Wer mit unsympathischen Hauptfiguren allerdings nicht klar kommt, für den ist „Schönheit“ vermutlich keine leichte Lektüre: Denn Morue kann den Leser auf den insgesamt 152 Seiten durchaus auf die Nerven gehen mit ihrer Selbstverliebtheit sowie ihrer Blindheit gegenüber Mabs Intrigen und den Schattenseiten als einzigartige Schönheit. Auch ich ärgerte mich oft darüber, wie Morue denkt oder handelt.
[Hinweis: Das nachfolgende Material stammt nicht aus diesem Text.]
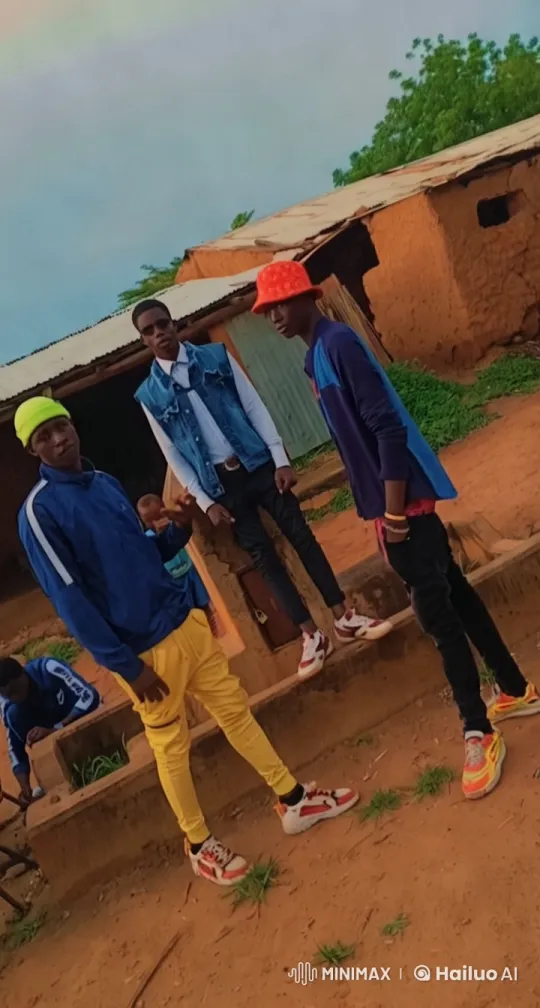 Young Men in Colorful Attire at Rustic Setting – AI Generated Video | Hailuo AI
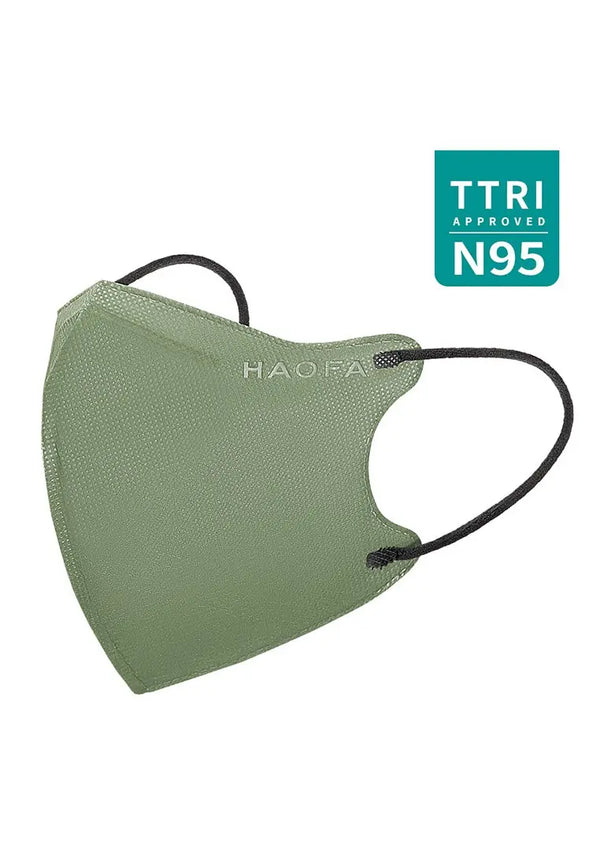 HAOFA 3D 氣密型立體醫療口罩（台灣N95規格） 煙霧綠 | 30片/盒 全新升級版 HAOFA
Eines muss man ihr jedoch hoch anrechnen: Trotz ihres Reichtums und all der Zuwendung durch alle Welt vergisst Morue nie ihren besten Freund aus Kindheitstagen – den einzigen Menschen, mit Ausnahme ihrer Mutter, der Morue trotz ihrer Hässlichkeit liebte. Sie lässt ihn im Schloss wohnen, wo er als ihr Freund und Diener stets an ihrer Seite ist.

Optisch fällt insbesondere auf, dass die Panels auf einer Seite zumeist in ähnlichen Farbtönen gehalten sind, wodurch auf jeder Seite eine spezielle Atmosphäre eingefangen wird und die Panels im Verhältnis zueinander sehr harmonisch wirken. Daneben stecken die Bilder voller Details – in dem ein oder anderen kann man dabei durchaus Amüsantes im Hintergrund entdecken!

Fazit:

Wer denkt, dass sich das Leben eines Aschenputtels zu einer Bilderbuchgeschichte entwickelt, sobald sie schön wird und über ein Königreich herrscht, der wird mit dieser Graphic Novel eines Besseren belehrt: Auch Schönheit kann eine Last, ja ein Fluch sein, das machen die französischen Künstler Kerascoët und Hubert in „Schönheit“ mehr als deutlich und mokieren das ewige Streben nach ebendieser Eigenschaft.